The continued regulation of the futures and derivatives industry by the House and Senate agriculture committees seems to many people in the financial services business to be a historical accident, owing only to the fact that futures were initially mineral and agricultural.

But the continued connection between that industry and rural America became clear this week when it was revealed that now-bankrupt MF Global, Inc. had served as a broker dealer in commodities, and that thousands of Midwestern farmers and firms had money tied up in accounts that were frozen when it got into trouble.

MF Global was run by Jon Corzine, a former Democratic senator and governor from New Jersey.

Although the company went bankrupt over its bets on European sovereign debt, Farm Progress reported that the company cleared a lot of domestic trade: 30 to 40 percent of the traders at the Chicago Board of Trade, 33 trading firms, and the majority of trade at the Kansas City Board of Trade.

An MF Global trustee filed a statement with the U.S. Bankruptcy Court for the Southern District of New York asking that he be permitted to release 60 percent of the collateral in commodity customers’ “cash-only” accounts, and the court is expected to act on the request on Thursday.

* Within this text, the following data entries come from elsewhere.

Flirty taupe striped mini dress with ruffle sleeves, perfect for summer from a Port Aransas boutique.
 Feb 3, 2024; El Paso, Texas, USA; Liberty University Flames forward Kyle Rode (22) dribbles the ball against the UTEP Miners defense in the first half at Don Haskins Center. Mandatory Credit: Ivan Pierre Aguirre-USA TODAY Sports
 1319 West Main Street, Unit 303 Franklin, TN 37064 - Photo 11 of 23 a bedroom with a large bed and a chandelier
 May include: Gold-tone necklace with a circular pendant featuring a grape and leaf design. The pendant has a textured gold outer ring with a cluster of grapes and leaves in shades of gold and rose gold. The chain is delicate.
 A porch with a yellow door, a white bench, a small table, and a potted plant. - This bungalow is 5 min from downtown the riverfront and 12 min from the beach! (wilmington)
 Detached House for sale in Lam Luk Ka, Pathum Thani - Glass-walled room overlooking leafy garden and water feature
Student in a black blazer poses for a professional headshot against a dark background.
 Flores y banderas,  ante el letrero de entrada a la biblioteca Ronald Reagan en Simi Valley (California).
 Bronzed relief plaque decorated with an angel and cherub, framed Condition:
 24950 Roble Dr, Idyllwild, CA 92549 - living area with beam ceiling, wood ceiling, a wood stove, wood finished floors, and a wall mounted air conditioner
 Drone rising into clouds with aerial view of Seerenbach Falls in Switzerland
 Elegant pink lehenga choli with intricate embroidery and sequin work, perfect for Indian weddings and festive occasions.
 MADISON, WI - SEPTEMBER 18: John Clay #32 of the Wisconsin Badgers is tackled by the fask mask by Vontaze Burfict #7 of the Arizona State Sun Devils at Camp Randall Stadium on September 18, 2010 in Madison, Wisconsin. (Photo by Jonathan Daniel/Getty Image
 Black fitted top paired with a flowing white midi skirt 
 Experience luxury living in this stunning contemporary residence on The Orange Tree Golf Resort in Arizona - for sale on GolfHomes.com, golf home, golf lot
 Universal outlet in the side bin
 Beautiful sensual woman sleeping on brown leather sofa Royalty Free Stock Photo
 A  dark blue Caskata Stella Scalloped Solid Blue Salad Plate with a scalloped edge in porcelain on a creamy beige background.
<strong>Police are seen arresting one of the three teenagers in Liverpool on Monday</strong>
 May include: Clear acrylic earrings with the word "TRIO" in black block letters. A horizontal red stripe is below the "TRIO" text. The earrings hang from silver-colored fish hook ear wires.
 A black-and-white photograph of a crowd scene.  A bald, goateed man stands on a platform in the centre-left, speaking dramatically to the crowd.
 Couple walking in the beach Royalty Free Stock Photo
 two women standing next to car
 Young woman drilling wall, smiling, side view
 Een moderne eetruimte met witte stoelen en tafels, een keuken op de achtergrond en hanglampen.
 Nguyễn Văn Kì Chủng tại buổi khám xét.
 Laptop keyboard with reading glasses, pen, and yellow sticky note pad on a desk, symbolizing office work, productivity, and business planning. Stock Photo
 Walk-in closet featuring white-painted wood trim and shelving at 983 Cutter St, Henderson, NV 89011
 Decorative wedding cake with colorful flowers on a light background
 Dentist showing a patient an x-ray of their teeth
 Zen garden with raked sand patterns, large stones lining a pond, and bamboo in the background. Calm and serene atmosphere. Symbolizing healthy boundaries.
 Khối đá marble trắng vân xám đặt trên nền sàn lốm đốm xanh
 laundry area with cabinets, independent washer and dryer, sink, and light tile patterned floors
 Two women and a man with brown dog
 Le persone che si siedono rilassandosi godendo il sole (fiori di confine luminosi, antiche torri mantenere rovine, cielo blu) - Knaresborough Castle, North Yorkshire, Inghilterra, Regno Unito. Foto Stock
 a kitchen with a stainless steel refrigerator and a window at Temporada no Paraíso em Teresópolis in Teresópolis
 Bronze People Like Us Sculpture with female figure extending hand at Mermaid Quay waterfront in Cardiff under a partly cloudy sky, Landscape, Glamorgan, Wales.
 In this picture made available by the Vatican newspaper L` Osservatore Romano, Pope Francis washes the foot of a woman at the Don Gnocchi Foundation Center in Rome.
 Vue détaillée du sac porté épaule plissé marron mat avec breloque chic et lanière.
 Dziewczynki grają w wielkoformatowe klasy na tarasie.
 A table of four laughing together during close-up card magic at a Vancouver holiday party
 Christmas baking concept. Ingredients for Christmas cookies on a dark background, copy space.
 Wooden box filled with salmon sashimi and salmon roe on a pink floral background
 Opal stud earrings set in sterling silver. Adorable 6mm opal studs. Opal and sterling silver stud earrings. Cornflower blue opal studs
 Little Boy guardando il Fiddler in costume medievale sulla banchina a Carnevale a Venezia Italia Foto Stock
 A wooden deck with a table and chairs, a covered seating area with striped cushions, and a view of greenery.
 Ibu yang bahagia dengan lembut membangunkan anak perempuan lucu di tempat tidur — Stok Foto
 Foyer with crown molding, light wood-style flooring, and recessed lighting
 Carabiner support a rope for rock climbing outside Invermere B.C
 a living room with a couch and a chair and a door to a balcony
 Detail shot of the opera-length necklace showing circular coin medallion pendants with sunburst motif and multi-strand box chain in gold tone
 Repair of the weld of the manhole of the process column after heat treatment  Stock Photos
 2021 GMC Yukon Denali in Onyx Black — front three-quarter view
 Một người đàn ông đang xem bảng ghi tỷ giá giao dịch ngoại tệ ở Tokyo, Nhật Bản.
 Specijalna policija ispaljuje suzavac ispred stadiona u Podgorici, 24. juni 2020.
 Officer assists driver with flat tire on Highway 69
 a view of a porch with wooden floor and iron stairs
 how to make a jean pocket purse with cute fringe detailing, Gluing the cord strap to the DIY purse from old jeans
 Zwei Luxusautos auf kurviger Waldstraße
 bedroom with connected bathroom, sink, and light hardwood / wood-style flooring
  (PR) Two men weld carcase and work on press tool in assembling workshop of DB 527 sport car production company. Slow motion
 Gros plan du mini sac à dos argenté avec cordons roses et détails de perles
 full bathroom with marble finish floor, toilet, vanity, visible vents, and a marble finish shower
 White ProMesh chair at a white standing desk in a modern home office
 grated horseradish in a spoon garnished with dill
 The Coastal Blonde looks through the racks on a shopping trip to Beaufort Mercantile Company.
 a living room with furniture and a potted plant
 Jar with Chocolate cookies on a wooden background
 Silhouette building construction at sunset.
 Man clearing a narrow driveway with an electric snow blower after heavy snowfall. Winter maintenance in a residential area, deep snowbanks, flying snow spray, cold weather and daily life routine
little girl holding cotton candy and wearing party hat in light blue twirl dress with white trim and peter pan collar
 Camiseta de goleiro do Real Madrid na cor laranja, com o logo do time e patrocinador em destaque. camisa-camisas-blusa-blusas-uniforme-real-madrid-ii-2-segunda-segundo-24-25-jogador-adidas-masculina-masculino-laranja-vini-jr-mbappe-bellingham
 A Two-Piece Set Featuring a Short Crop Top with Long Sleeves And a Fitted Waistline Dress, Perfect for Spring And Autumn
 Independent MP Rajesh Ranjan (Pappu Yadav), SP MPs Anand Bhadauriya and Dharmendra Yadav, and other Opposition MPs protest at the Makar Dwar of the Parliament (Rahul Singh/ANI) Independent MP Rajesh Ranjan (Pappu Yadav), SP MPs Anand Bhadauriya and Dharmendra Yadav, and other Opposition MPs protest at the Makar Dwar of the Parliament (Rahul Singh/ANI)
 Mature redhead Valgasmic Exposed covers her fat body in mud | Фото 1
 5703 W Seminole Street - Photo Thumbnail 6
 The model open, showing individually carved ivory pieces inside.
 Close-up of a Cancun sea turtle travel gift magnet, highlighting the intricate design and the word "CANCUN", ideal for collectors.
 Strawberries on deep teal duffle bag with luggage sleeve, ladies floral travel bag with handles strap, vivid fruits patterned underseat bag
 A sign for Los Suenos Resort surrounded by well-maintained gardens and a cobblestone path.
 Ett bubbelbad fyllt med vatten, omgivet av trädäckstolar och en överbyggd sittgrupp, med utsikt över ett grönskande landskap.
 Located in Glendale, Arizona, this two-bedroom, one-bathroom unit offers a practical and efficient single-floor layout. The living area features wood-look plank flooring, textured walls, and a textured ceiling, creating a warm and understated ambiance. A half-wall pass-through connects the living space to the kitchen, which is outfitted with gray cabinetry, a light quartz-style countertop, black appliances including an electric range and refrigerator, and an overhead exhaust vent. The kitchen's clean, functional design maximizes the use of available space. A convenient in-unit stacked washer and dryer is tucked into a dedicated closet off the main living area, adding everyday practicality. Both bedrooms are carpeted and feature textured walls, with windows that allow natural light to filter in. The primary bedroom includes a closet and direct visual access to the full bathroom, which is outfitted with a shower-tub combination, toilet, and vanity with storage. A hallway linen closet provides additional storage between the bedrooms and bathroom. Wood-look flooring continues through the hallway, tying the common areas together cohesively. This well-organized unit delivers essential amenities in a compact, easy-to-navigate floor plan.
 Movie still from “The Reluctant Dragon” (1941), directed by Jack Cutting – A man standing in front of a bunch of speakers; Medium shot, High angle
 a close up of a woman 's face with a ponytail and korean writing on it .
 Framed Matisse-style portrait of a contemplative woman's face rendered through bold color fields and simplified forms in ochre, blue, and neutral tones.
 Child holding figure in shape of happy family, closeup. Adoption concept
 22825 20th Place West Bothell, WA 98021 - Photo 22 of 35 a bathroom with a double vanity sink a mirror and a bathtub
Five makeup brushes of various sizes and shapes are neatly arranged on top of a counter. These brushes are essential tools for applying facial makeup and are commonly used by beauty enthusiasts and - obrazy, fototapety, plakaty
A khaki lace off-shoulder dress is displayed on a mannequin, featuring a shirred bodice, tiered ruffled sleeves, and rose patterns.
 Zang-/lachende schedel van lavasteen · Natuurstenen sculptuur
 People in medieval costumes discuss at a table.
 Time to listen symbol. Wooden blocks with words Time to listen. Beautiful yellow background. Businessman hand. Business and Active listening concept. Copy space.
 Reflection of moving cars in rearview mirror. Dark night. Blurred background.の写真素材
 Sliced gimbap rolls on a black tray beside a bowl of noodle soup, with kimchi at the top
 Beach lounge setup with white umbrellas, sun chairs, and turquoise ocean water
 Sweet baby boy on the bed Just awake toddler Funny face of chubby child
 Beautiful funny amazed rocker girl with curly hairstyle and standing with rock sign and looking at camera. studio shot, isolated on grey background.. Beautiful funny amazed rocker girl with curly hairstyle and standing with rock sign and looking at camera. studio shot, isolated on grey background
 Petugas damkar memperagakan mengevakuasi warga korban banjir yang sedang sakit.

Sen. Debbie Stabenow, D-Mich.
Sen. Debbie Stabenow, D-Mich.
Senate Agriculture Committee Chairman Debbie Stabenow, D-Mich., wrote Commodity Futures Trading Commission Chairman Gary Gensler a letter on Monday asking for a report on the situation and noting that she plans to hold a hearing on the regulation of the financial markets in the next few weeks.

Gensler, who worked with Corzine at Goldman Sachs, has recused himself from the MF Global case and has put CFTC Commissioner Jill Sommers, a Republican, in charge of it.

The gravity of the situation for rural Americans was illustrated today when Senate Agriculture Committee ranking member Pat Roberts, R-Kans., called on the CFTC, the stock exchanges and the bankruptcy trustee to work together to release frozen MF Global margin account funds to customers, noting that many of those customers are Kansans.

Sen. Pat Roberts, R-Kans.
Sen. Pat Roberts, R-Kans.
“While I can appreciate the need to get to the bottom of the situation at MF Global, many farmers, bankers and agribusinesses in Kansas, and around the country, have been left in limbo,” Roberts said in a news release. “Failure to release these accounts will penalize the innocent victims of this collapse with further financial hardship.”

In a letter to Sommers, Roberts said, “I write on behalf of the large numbers of Kansas producers, grain elevators, cattle feeding operations and commodity risk management firms who, through no fault of their own, are experiencing severe financial losses and hardship due to the MF Global, Inc. bankruptcy. The shortfall of segregated funds in thousands of MF Global, Inc. customers’ margin accounts is a shocking development that is unprecedented in the decades’ long history of agricultural futures markets.”

Jill Sommers
Jill Sommers, CFTC commissioner
The CFTC said today it supported the trustee’s application for an expedited claims process in the MF Global, Inc. liquidation, and authorized the transfer of funds for customers with “cash-only” accounts outside of the claims process.

“My number one priority at this point is to work with the trustee and facilitate an equitable distribution of funds to all MFGI customers as quickly as possible,” Sommers said in a news release.